Denbigh introduced UML in the previous course. This lesson will provide an overview to UML and introduce CRC (Class Responsibility Collaborator) cards. Basic guidelines to Object Oriented Analysis and Design are provided. In addition, an example design will be provided on-line with some of the resulting digrams. The in-class case study will be described and the Artisan Real-Time Studio software will be demonstrated.
Larman (Applying UML & Patterns, An Introduction To Object Oriented Analysis & Design) states "The most single important ability in object-oriented analysis and design is to skillfully assign responsibilities to software components".
The choice of responsibilities affects robustness, maintainability, and reusability, of software components.
Two renowned Smalltalk programmers from Tektronix in 1980 came up with a simple method to teach key ideas in object technology. The CRC cards while not specifically a part of UML are directly usable with it.
Use CRC cards to help explore an interaction between classes, typically to show how a scenario is implemented. After it is figured out, document it with a UML interaction diagram.
There are obstacles to the OO paradigm shift.
This section uses a simple case study as an example. Briefly, this case study is a next generation Point Of Sale system (POS). A POS system is a computerized application used (in part) to record sales and handle payments; it is typically used in a retail store. It includes hardware components such as a computer and bar code scanner, and software to run the system. It interfaces to various service applications, such as third-party tax calculator and inventory control. These systems must be relatively fault-tolerant; that is, even if remote services are temporarily unavailable (such as the inventory system), they must still be capable of capturing sales and handling at least cash payments (so that the business is not crippled).
A POS system increasingly must support multiple and varied client-side terminals and interfaces. These include a thin-client Web browser terminal, a regular personal computer with something like a Java Swing graphical user interface, touch screen input, wireless PDAs, and so forth.
Furthermore, we are creating a commercial POS system that we will sell to different clients with disparate needs in terms of business rule processing. Each client will desire a unique set of logic to execute at certain predictable points in scenarios of using the system, such as when a new sale is initiated or when a new line item is added. Therefore, we will need a mechanism to provide this flexibility and customization.
Figure showing sample layers and objects in an object-oriented system for the case study.
A partial Domain Model is provided for reference.

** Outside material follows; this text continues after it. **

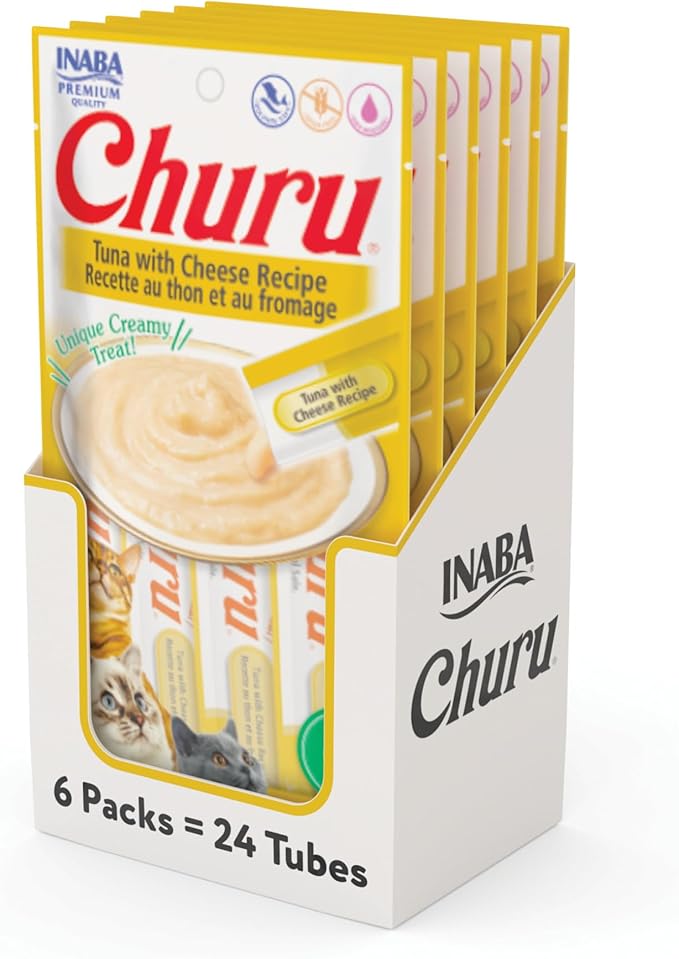 INABA Churu Cat Treats, Grain-Free, Lickable, Squeezable Creamy Purée Cat Treat/Topper with Vitamin E & Taurine, 0.5 Ounces Each Tube, 24 Tubes (4 per Pack), Tuna with Cheese Recipe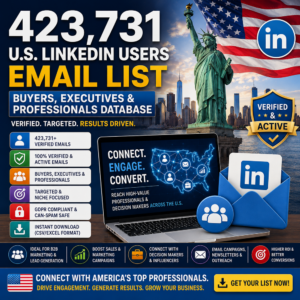 423,731 U.S. LinkedIn Users Email List – Buyers, Executives & Professionals Database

Nine fundamental responsibility assignment principles (from GRASP patterns) General Responsibility Assignment Software Patterns:
Assign a responsibility to the information expert - the class that has the information necessary to fulfill the responsibility. Given the following partial domain model for the POS case study, the question to ask is Who should be responsible for knowing the grand total of the sale?
Associations of Sale By Information Expert, we should look for that class of objects that has the information needed to determine the total. The above picture is the Domain Model. If a Design Model is not available, you would look here and attempt to use (or expand) the representations to inspire the creation of corresponding design classes.
What information is needed to determine the grand total? It is necessary to know about all the SalesLineItem instances of a sale and the sum of their subtotals. A Sale instance contains these; therefore, by the guideline of Information Expert, Sale is a suitable class of object for this responsibility; it is an information expert for the work. We add a getTotal() method to the Sale class. But, we defined a subtotal and now we need to ask what information is needed to determine the line item subtotal? SalesLineItem.quantity and ProductSpecification.price are needed. The SalesLineItem knows its quantity and its associated ProductSpecification; therefore, by Expert, SalesLineItem should determine the subtotal; it is the information expert. We therefore add a new method getSubtotal() to the SalesLineItem class. The following table summarizes these responsibilities.
In object-oriented software land, all software objects are "alive" or "animate", and they can take on responsibilities and do things. Some synonyms for the Information Expert are:
Assign class B the responsibility to create an instance of class A if one of the following is true:
Assign a responsibility so that coupling remains low. Choose low coupling as compared to high coupling. Sub-class inheritance is a form of strong (bad) coupling. But, too little coupling is also bad!
Assign a responsibility so that cohesion remains high. Same figures hold. If Sale creates payment, then the cohesion of all remains high.
Assign the responsibility for handling a system event message to a class representing one of the following choices:
When related alternatives or behaviors vary by type (class), assign responsibility for behavior -- using polymorphic operations -- to the types for which the behavior varies.
Corollary: Do not test for the type of an object and use conditional logic to perform varying alternatives based on type.
Assign the responsibility to an intermediate object to mediate between other components or services so that they are not directly coupled.
Assign a highly cohesive set of responsibilities to an artificial or convenience class that does not represent a problem domain concept -- something made up, to support high cohesion, low coupling, and reuse.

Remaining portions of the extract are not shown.